冬にわかれては「左脳を使ってない感じ」。寺尾紗穂ら3人で語る

冬にわかれて『なんにもいらない』
インタビュー・テキスト
小田部仁
撮影:松永つぐみ 衣装協力(寺尾紗穂):spoken words project 編集:山元翔一(CINRA.NET編集部)

今も「バンドやってます!」って現実感はそんなにない。(伊賀)

—おふたりは、寺尾さんのソロにもサポートとして参加していますよね。そもそも、なぜバンドをはじめたんでしょうか?

伊賀:吉祥寺で、まず一緒に昼飯食ったんだよね。

あだち:そのときに、寺尾さんに「バンドとしてやりましょう」って言われて。でも、ソロも一緒にやっているし、「何が変わるのかなぁ?」って思っていましたね。

伊賀:そうだった、そうだった。あだちくんとメールしたよね(笑)。それがまさか、こんなふうになるとは……。今も「バンドやってます!」って現実感はそんなにないですね。

寺尾:伊賀さんが前に「ベーシストとしてのサポート仕事が多くて、自分で作った曲をただ溜め込んでいて発表する場がない」というようなことを言っていたのを覚えていて。伊賀さんやあだちくんは、根本的には「作る人」だから、作ったものを披露する場を私たちで作れたら、いろんな意味でバランスが取れるんじゃないかなって思ったんですよね。

—おふたりは、寺尾さんの魅力はどんな部分にあると思いますか?

伊賀:そうですね……透明感ですかね(笑)。

寺尾:笑いながら言わないでよ!(笑)

左から:伊賀航、寺尾紗穂、あだち麗三郎
左から:伊賀航、寺尾紗穂、あだち麗三郎

あだち:ふふふ。僕は真面目に(笑)。寺尾さんは、音楽の表現が何かを伝えるためのツールだっていうことを割り切っているところがスゴイですよね。音楽家ってどうしても音にこだわってしまうんですけど、コミュニケーションの一手段として寺尾さんはやってる。そうやって、自分の思いと音楽を直結させてやることって、勇気がいることだと思うんです。

—ソロのときとは何かアプローチは違いますか?

あだち:ソロのときは、僕や伊賀さんはアレンジに関わってないんですよ。レコーディングスタジオに行って、その場でちょっとだけ考えて、パッと録る感じが、いつもの寺尾さんのスタイルなので。バンドだと、もっと凝ったアレンジとかができて楽しいですね。

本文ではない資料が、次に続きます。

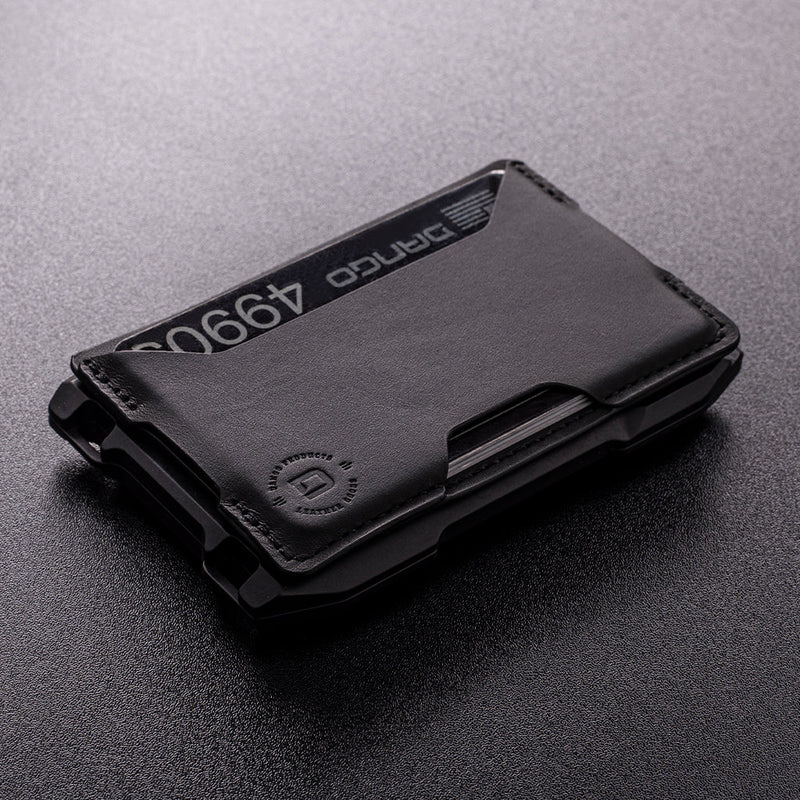 Load image into Gallery viewer, A10 Single Pocket Adapter
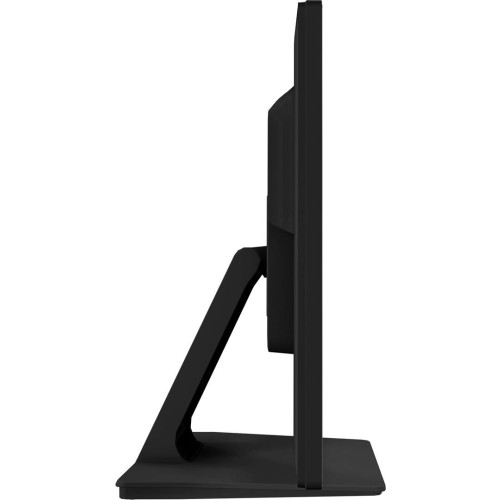 iiyama ProLite T2452MSC-B1 monitor komputerowy 60,5 cm (23.8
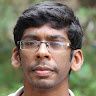 Krishnanunni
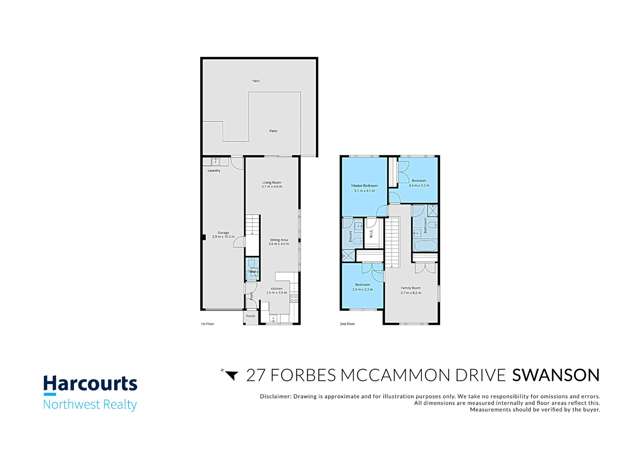 27 Forbes McCammon Drive Swanson_1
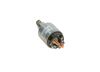 Elektromagnetický spínač, startér 2 339 402 157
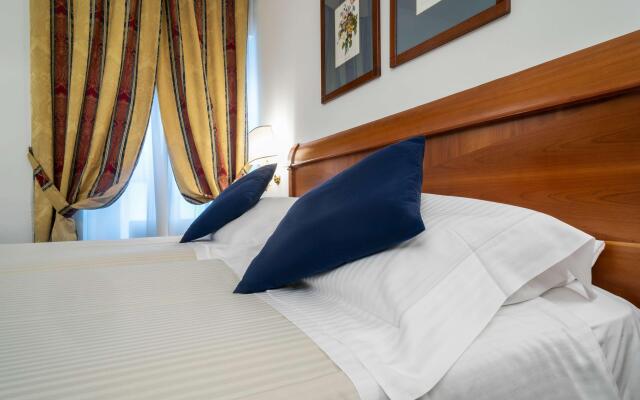 Hotel Cappello D'Oro, BW Signature Collection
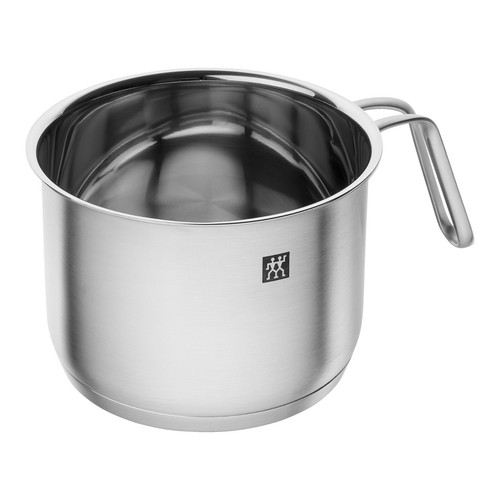 Zwilling milchtopf milk pot - milchtopf,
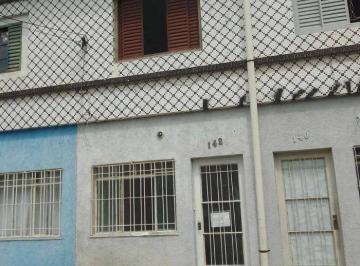 8c70cc28e24d436900656179de06340646abe706 · Sobrado com 2 dormitórios à venda, 62 m² por R$ 330.000,00 - Quarta Parada - São Paulo/SP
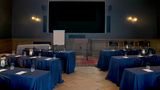 <b>The Ramble Hotel Meeting</b>. Images powered by <a href="https://www.leonardoworldwide.com/" title="Leonardo Worldwide" target="_blank">Leonardo</a>.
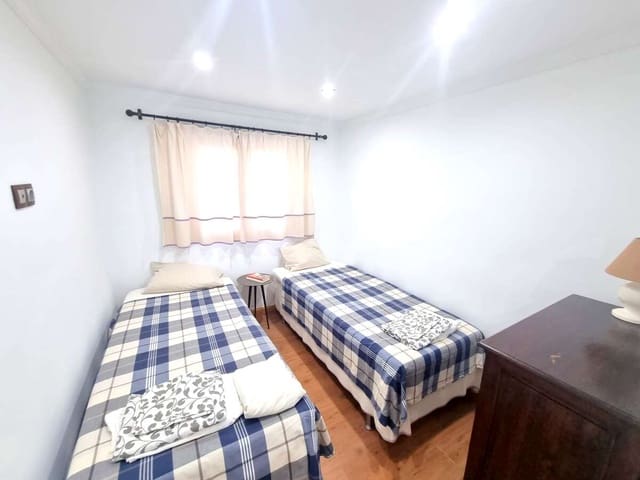 8 soverom Villa til salgs i Costa Teguise, Teguise med svømmebasseng garasje - € 1 195 000 (Ref: 7922372)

寺尾:ソロは2人に割り切ってもらうプロジェクトですね。自分のなかでは、曲ってできた瞬間にもうほとんど完成していて。自分のピアノ以外に何か音を入れるにしても、1つか2つ音を足すぐらいで。バンドは、それとは全然違いますね。

寺尾紗穂『楕円の夢』(2015年)収録曲

寺尾紗穂『たよりないもののために』(2017年)収録曲

寺尾:やっぱり私のソロを聴いてくれる人って、歌詞をよく聴く人だと思うんです。私自身、歌詞は大事にしています。確かにあだちさんが言ったとおり、言葉が第一で、それを伝える最低限の手段としてピアノがあって、歌いたいことがあるから歌うって感じだったんですね。音楽として、曲として、それを育てていく感覚はバンドならではだと思いますね。

—もっと有機的に関わり合いながら、それこそ3人で「創作」していく場ということですか?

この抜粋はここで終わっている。